A contrario, d'autres en préservent la tonalité progressiste ancrée dans une solidarité évidente entre l'Amérique ségréguée et l'Afrique émancipée: Dizzy Gillespie, pourtant instrumentalisé lui aussi comme "Jazz Ambassador ", semble déjà avoir en tête sa campagne présidentielle de 1964, et quand sera connu l'assassinat de Lumumba, la chanteuse Abbey Lincoln, égérie de Max Roach sur l'album We Insist !, n'hésitera pas à mettre un boxon pas possible au siège new-yorkais des Nations-Unies avec à ses côtés la poétesse Maya Angelou.

Le monde change alors à toute vitesse. Malgré ses préjugés musicaux ("Quand j'entends du jazz, c'est comme si j'avais des gaz dans le ventre "), Khrouchtchev fait furieusement swinguer sa chaussure pour s'indigner du rôle de l'ONU dans la tragédie congolaise. Apparitions cinglantes également, dans le docu, de Nasser, Castro et Malcolm X... Archives à foison: séquences officielles, documents amateurs, échos littéraires... On découvre notamment le rôle de la féministe centrafricaine Andrée Blouin, d'abord en Guinée puis au Congo où elle devient la cheffe du protocole du gouvernement Lumumba. Elle sera à ce titre, et parce qu'elle a aussi appelé toutes les femmes d'Afrique à s'organiser, traitée de courtisane puis expulsée du pays. Le récit de l'écrivain congolais In Koli Jean Bofane, témoin direct des événements et décrivant l'Afrique comme un laboratoire du monde, est encore un autre temps fort du récit.

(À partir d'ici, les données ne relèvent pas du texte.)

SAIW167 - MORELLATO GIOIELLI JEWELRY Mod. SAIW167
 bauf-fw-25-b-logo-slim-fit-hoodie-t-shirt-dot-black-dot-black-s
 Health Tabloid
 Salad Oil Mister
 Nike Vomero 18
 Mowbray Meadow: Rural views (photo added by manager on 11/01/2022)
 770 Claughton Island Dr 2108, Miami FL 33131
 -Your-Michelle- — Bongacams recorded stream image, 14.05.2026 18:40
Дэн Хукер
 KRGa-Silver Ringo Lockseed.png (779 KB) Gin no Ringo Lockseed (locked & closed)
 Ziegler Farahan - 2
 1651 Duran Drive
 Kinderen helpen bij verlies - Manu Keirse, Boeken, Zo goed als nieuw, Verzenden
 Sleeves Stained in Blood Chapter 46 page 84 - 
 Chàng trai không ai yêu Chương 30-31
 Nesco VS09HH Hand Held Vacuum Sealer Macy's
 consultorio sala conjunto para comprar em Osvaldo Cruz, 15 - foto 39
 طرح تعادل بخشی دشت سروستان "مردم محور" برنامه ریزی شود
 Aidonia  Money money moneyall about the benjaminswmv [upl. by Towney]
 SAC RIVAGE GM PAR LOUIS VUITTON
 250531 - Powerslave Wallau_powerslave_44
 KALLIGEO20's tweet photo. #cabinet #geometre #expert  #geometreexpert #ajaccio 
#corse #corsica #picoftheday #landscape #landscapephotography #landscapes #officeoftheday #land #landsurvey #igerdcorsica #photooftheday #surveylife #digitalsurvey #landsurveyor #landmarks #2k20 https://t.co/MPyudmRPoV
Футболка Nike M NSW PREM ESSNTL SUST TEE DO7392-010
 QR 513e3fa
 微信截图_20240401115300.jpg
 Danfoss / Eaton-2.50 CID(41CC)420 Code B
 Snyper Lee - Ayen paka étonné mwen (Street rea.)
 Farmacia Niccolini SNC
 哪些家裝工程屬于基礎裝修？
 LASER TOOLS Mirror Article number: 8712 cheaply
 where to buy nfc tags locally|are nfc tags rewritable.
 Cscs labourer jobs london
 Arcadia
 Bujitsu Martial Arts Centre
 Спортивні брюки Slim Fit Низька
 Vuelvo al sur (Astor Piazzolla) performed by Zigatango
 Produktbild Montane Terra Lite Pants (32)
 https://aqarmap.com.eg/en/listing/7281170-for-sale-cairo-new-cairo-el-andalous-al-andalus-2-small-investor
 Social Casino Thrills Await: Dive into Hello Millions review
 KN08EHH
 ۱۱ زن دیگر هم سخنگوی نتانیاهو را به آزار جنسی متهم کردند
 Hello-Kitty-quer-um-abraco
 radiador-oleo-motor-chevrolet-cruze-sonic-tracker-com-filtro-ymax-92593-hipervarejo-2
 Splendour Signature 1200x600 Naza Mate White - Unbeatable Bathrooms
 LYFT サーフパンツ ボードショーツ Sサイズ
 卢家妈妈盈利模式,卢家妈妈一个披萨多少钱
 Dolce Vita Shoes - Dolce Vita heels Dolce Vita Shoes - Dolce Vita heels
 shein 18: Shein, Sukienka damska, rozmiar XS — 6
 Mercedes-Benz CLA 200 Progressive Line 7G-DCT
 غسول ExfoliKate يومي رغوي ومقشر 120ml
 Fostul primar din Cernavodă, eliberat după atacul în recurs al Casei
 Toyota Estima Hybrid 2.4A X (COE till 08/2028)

Frénétique à souhait, notamment grâce à l'incroyable travail de Rick Chaubet pour le montage et Ranko Paukovic pour la conception sonore, Soundtrack to a Coup d'Etat alterne aussi bien dans sa B.O. que dans son propos solos poignants et éruptions syncopées. Nina Simone a déjà cette rage sourde qui fera sa légende, Miriam Makeba bouleverse, Duke Ellington rêve éveillé... Sont également présents Eric Dolphy, Archie Shepp, Ornette Coleman, tandis que la rumba congolaise apporte un tout autre contrepoint. Le réalisateur va même jusqu'à brutalement coupler le sifflet -ou plutôt le saxo- à John Coltrane lorsque sont évoquées des horreurs postérieures à la mort de Lumumba. Les 2h30 de Soundrack to a Coup d'Etat passent à une vitesse d'enfer. Vivement une diffusion pour le grand public !

Soundtrack to a Coup d'Etat, Johan Grimonprez, Festival Cinéma du Réel au Centre Pompidou, à Paris. 2e projection, ce dimanche, à 13h30.